This is a guest blog note by Joe Plandowski (In Office Pathology; IOP) who often writes about reimbursement issues in surgical pathology. --BAF
Grannie over the cliff? Maybe, but she will have to wait for her turn because pathologists are going first! They are being pushed by Palmetto GBA, a subsidiary of BlueCross BlueShield of South Carolina. Palmetto is the nation's largest Medicare administrative services contractor. Medicare administrative services contractors, called fiscal intermediaries and carriers, pay medical claims, provide customer service, educate medical care providers and detect and deter fraud, abuse, and over-utilization in Medicare.
If you don’t know Palmetto by now, you soon will. They are the carrier that ended code stacking of molecular tests. I actually supported that move because code stacking was an unsolvable puzzle, a scheme that only the bureaucrats at CMS could have devised. Molecular test manufacturers didn’t complain because they set the code stacking for their tests and payers followed like lemmings. However, the latest edict by Palmetto is a direct slam at pathologists. It will financially hurt pathologists and you have to wonder what will happen to patient care.
About a week ago, Palmetto dictated that they will not pay for more than 4 individual CPT 88305 codes per case (see: PROSTATE BIOPSY CODING/BILLING GUIDELINES). If there are more than 4 CPT 88305 codes to be billed per case, HCPCS G0416 is to be used. G0416 breaks even at 5 CPT 88305 codes for pathologists performing only professional component billing. Breakeven is 6.3 CPT 88305 codes for pathologists performing global (professional and technical components) billing.
What about urologists who follow the recommended prostate biopsy standard of practice and collect 12 tissue cores? When those 12 core vials hit the pathology laboratory, what happens? Is the timing of the flawed Mitchell study paid for by the College of American Pathologists and American Clinical Laboratory Association behind Palmetto’s edict? Palmetto issued a directive in January 2012 on saturation biopsies that was restating what everyone thought they knew. Mitchell’s study covering urology ordering patterns from 2005 through 2007 was released in April 2012. In the period studied, the published standard of care for urologists changed from 6 to 11 prostate cores for a prostate biopsy procedure. In August 2012, Palmetto “clarified” their January 2012 directive to include all urology related CPT 88305’s.
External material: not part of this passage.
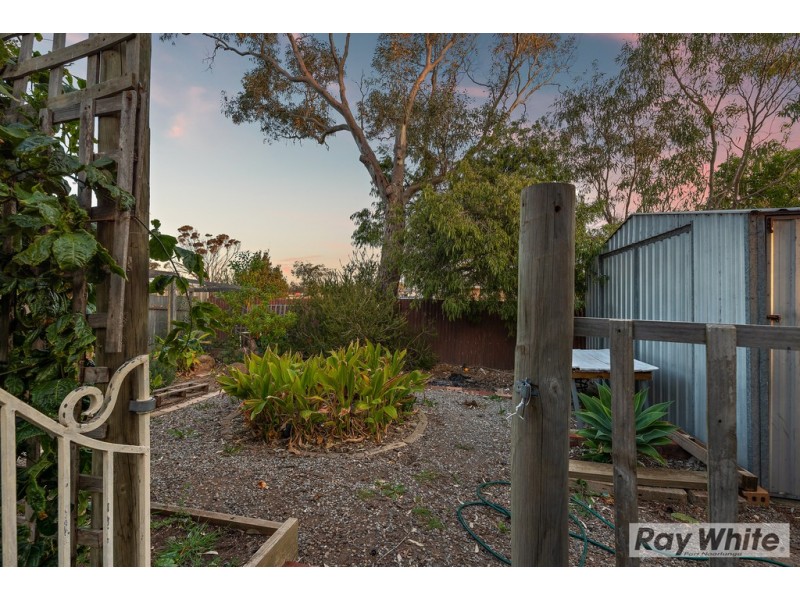 8 Maturin Avenue, Christies Beach SA 5165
The sad part of this story is Palmetto is pitting the urologist against the pathologist. The urologist is expected to take 12 prostate cores. On a professional fee basis, the pathologist is getting paid by Palmetto for only 5 of those cores. There is no cost savings in reviewing multiple slides from a patient. Each tissue specimen has to be prepared on a slide and stained. Each slide has to be read by a pathologist. Each slide stands alone and the pathologist should be paid for his/her services. Yes, we desperately need to control healthcare costs in this country. But, arbitrary decisions by payers are not the way to go. This may be what we are in for in the coming years. If so, heaven help us.